I have come out as ftm to my family in the past couple months and they have been very supportive. I am in a weird place where I really feel no connection to my birth name since it is so feminine and it just doesn't feel at all like my name even though it is legally but then I still don't feel like I have a new name that really feels like mine yet so I kinda feel like no one at the moment. It just feels weird to not have a name I strongly associate with. It is holding me back in finding a new job and overall getting more social again because I just don't feel confident with a new name. I've tried a few out and it just feels weird. Maybe I need to give it time. I have so far chosen all male names and part of what feels weird is that I know that my identity is male but right now I just don't see that when I look in the mirror so it makes me feel self conscious to use a very masculine name and kinda feels weird when people call me it. I am starting to like the idea of a neutral name. I also am having trouble with the concept of naming myself. I asked my parents what they would have named me if I was a boy and they didn't really have a name they really liked for a boy. The ones they were thinking of were just ones I couldn't see using except maybe the name Neil. But again I am not feeling a little better with the idea of a neutral name. I like one that won't box me in to either gender. I also want a name that is not supper common but that I will still be taken seriously with. But then again I am a street performer and in the entertainment field so it probably wouldn't hurt my career to have a weird name since I've always sorta planned on doing my own thing. It is just so hard for me to pick one. Does anyone have any suggestions for me on how to feel confident in a name and find the right one? Or any suggestions of good neutral names? Or even good male names. I like the idea of a neutral name but have trouble finding ones I like the sound of.

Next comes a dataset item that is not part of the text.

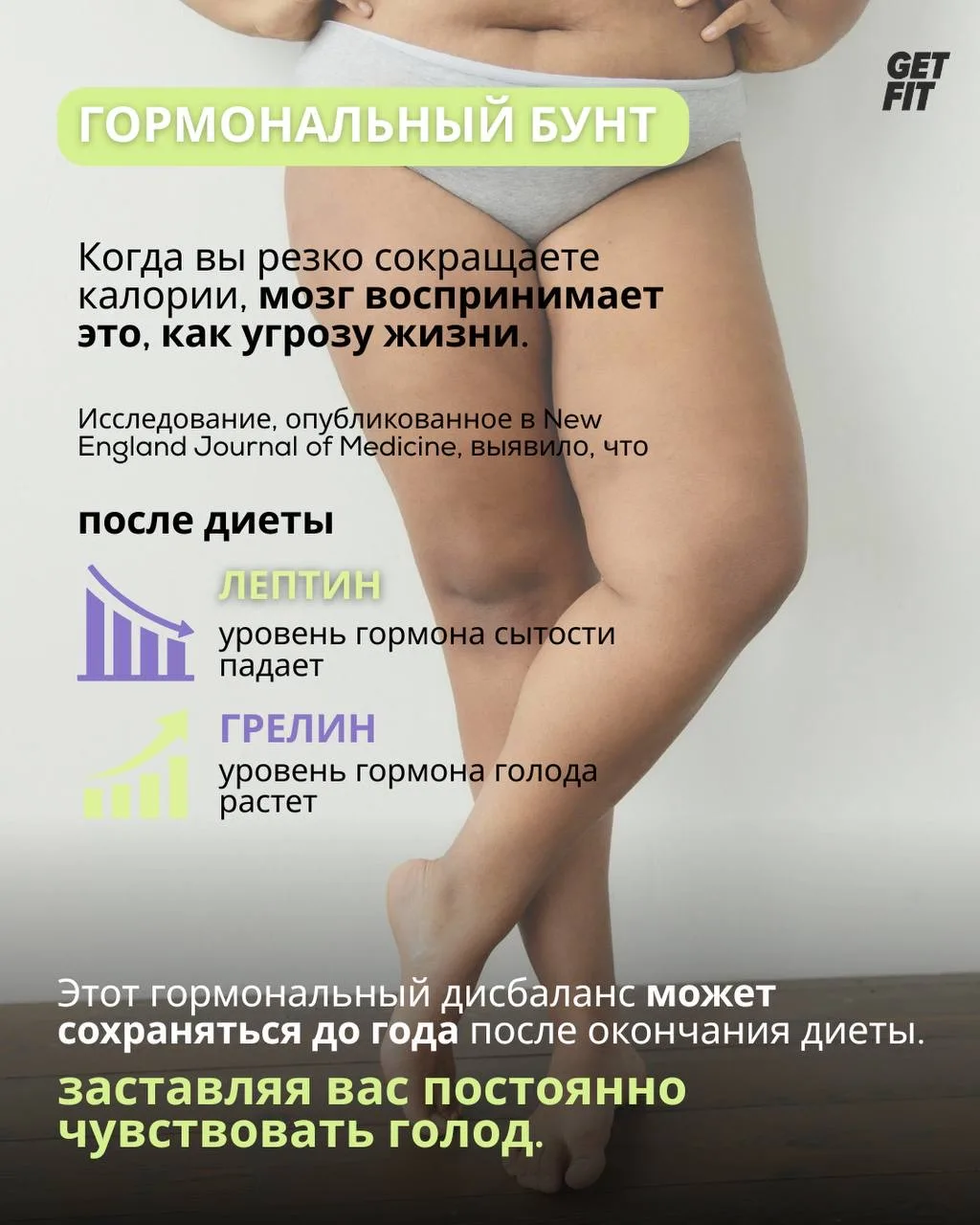 Хватит винить себя в том, что диеты не приносят результата  ➡️ ЛИСТАЙТЕ КАРТОЧКИ, чтобы понять, как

Here are some I have been thinking of;
-Carter (I have always really liked this but now I see it is really common for babies and I'm not sure if it would be a bad idea to take it because it might seem trendy)
-Quincy
-Sawyer
-Dallas (Everyone seems to think this is too texas but I have an association with it from someone I looked up to as a kid, still don't want everyone to just think of texas)
-Phoenix (not sure if this would be too different or out there. I just want my extended family to take me seriously when I tell them so I'm not sure if a name like this would affect that. I like that it symbolizes rebirth)
-Zay (I'm not even sure if this is a name but it's kinda cool)
-Keegan
-Harley
-Also thought of using the initials CJ or JJ
-Beck
I do like a few male names like; Isaiah, Forrest, Everett, River. I am open to male names if it feels right.
I like the idea of having a neutral name but I'm struggling to find one that really fits. Anyways, thanks if you read all of this. I'm sure people ask things like this all the time but I have just been so indecisive about this and having trouble committing to a name. Also, I just hate the idea of having to insist on everyone getting used to calling me something different. It just feels so awkward but necessary.